Monday 30 March 2020

Lockdown 2020: word dump

TW: this post may be triggering to those with mental health issues. Please take care.

Being alone with your own thoughts is never a good thing. Having too much time at home is never a good thing - with nothing to do other than read and watch Disney+ and rearrange your make up drawers, it's no wonder we're all going stir crazy. There was a few days of sunshine where things seemed a bit more manageable; now though, it's all a bit dismal. Grey skies and incredibly grey moods, for me at least.

This post is a bit of a word dump, so bear with me. But as someone who used to suffer quite badly from depression and spent most of my time indoors doing basically nothing, I'm scared. I'm scared of falling back down the rabbit hole and back into old habits. Bad habits. Because when you're forced into a routine that so vividly echoes the one you were in at the worst time of your life, it's triggering.

Happier times
I'm doing everything I can to keep my head above the water. I'm crying when I need to and doing my colouring in and painting my nails - old distraction techniques that I'd hoped I would never need to resort to again. Yet here we are. I'm barely eating and I'm over sleeping and I'm making jokes about it, but I am worried.
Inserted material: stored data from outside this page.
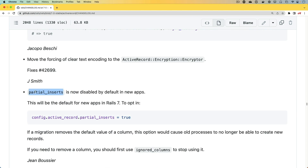One of the things I came across recently was partial inserts, which is now disabled by default in new applications. This is one of those things that's pretty easy to overlook and quickly pass by, but if we have a deeper look into this there's actually a lot going on underneath the hood. In this episode I want to have a look at partial inserts and what it means for our Rails 7 applications.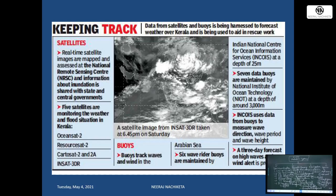Buoys (BUOYS) are instrument-carrying devices that float on the ocean surface and can track waves and wind in the Arabian Sea. Six wave rider buoys are maintained by INCOIS (Indian National Centre for Ocean Information Services), an important scientific organization under the Ministry of Earth Sciences, at a depth of 25 meters. Seven data buoys are maintained by NIOT (National Institute of Ocean Technology) at a depth of around 3000 meters. INCOIS uses data from buoys to measure wave direction, period, and height, providing a three-day forecast on high waves and wind alerts via communication satellites to government agencies.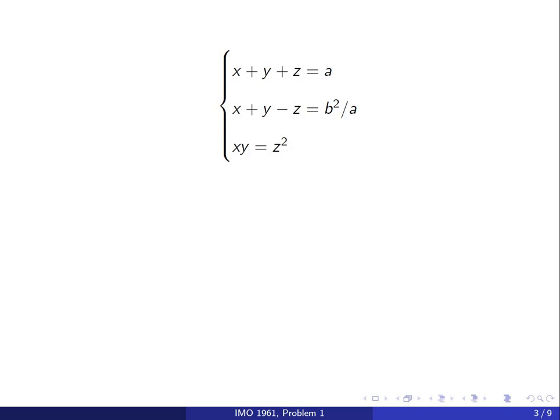Summarizing: the first equation remains intact, and the second equation simplifies to x plus y minus z equals b squared over a. Taking the first and second equations and subtracting them, we get 2z equals a minus b squared over a. Simplifying and dividing by 2, we get z equals a squared minus b squared over 2a. So we have found z.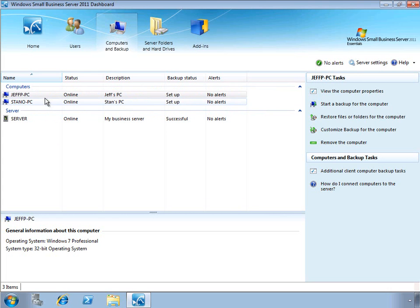When a client computer is joined to the SBS environment, the backup is automatically set up and will run during the first backup window.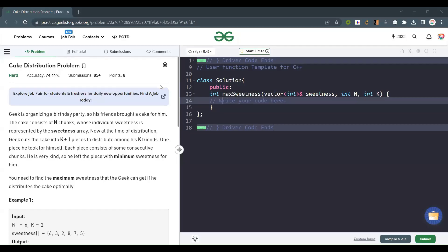Hello everyone, welcome back to the channel. Today we are going to solve the cake distribution problem.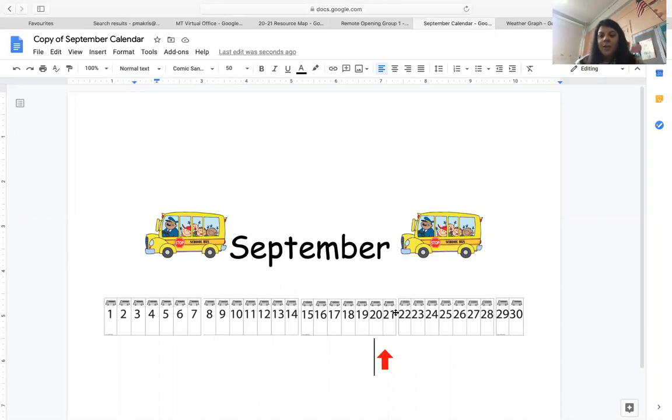Your assignment for calendar today is to take a video — your parents could take a video of you clapping up to 21 and counting at the same time.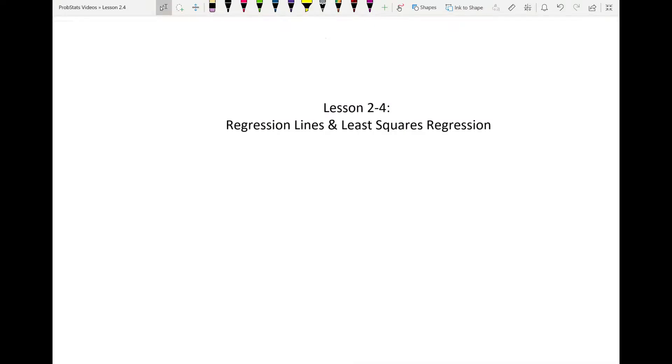Hello class, welcome to this lesson on 2-4. We're going to be talking about regression lines — all about regression lines today.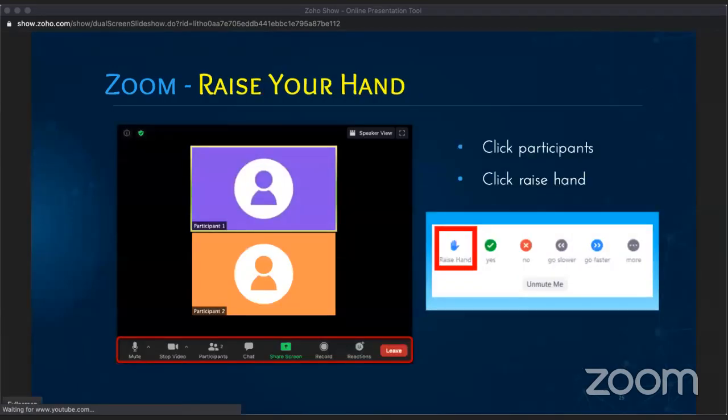Once in Zoom, students have the ability to raise their hand. The teacher can see who has their hand raised, unmute that student, hear what they have to say, or ask them to type their question in the chat. Students can also give immediate feedback such as yes or no, or signal the teacher to slow down or speed up — some really great interactive tools available within Zoom.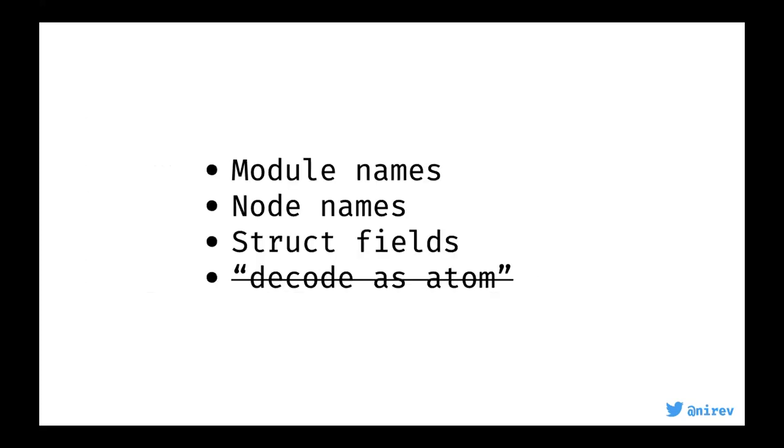This is a simple call that can crash the BEAM VM. It's just generating a bunch of random strings and then converting those to atoms. If you run that, at some point you're going to get a crash because you're going to exhaust the limit of atoms that you can have. The default is more than a million, so it's quite large, but if you start generating atoms from external data, from parsing agent and stuff like that, it can happen. Things that are atoms are module names, node names, struct fields.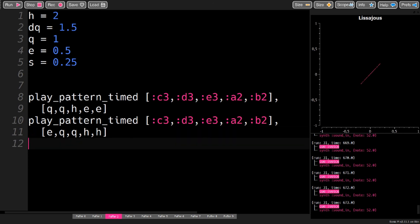And you can hear that the play pattern timed commands are executed after each other, and not at the same time like a play command would. And this is how to convert notation into code. Thank you for watching.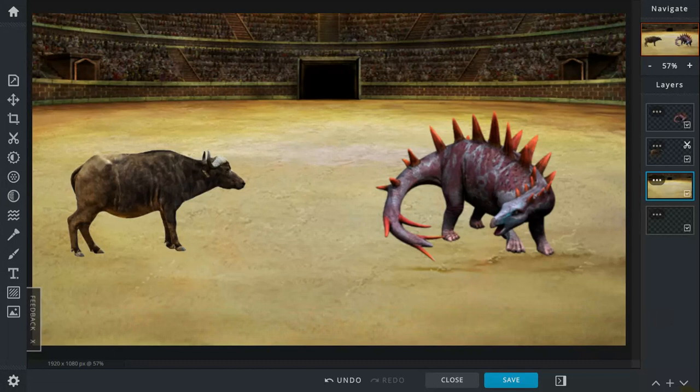The buffalo steps back a few steps and circles around the Tuojiangosaurus, but the Tuojiangosaurus keeps his guard up. The Cape buffalo charges unexpectedly and the horns stab the Tuojiangosaurus's side, which is unexpected and makes the Tuojiangosaurus fall over.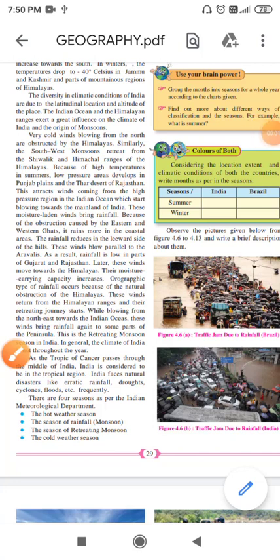Children, India receives rainfall mainly due to southwest monsoon winds. During the rainy season, the winds blow from the southwestern part of our country. The features of rainfall in India depend upon southwest monsoon winds.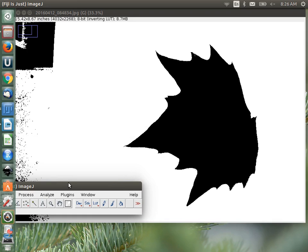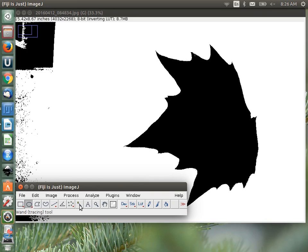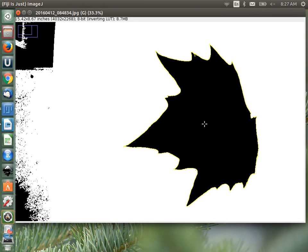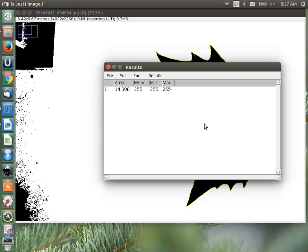Now there are a couple of ways to measure area. We can use the selection wand tool — the 8th tool in — which selects the connected region. Clicking on the leaf now shows the selection outline around the leaf. Hit Control-M to measure. When we did the circle it was about 25 square inches; we'd expect less. The actual area of the leaf is 14.308 square inches. This is a much easier way of measuring the area of a complex object.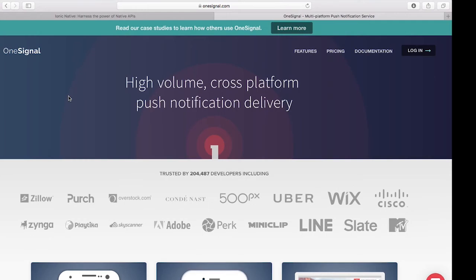Hey guys, welcome to this video tutorial where we're going to learn how to integrate OneSignal push notifications in our Ionic applications. We're going to walk through all the processes we need to follow to include OneSignal push notifications in our Android app. Let's get started — first things first, let's head over to onesignal.com.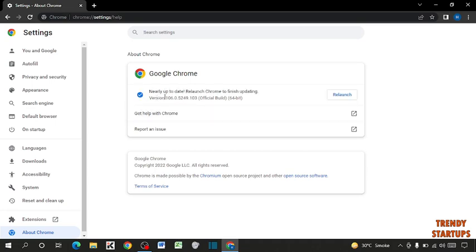Now here you can see written nearly up to date, relaunch Chrome to finish updating, so click on it.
I've come so far from where I used to be and I never want to experience that drowning feeling again.

If you're in the same boat (sorry about all the water analogies????) then solidarity to you. Please know you can speak to me if you need a distraction or just want a bit of a rant. As much as the word 'unprecedented' has been bandied about like nobody's business, these really ARE unprecedented times. None of us have ever experienced something like this and, frankly, none of it seems real. It's scary and it's brand new and it's confusing - nobody's got it figured out and if you're making it through every day then you can and should be so proud of yourself.

Why am I sharing this, you might ask. Bit personal, isn't it? But I have always used my blog as a place to try and make sense of my own thoughts as well as a place to review the latest lipstick collection or share my favourite books. And I know in years to come I'll want to look back on this crazy time - I'll want to remember how much I struggled, and know that I came out the other side even stronger. Because I know I will.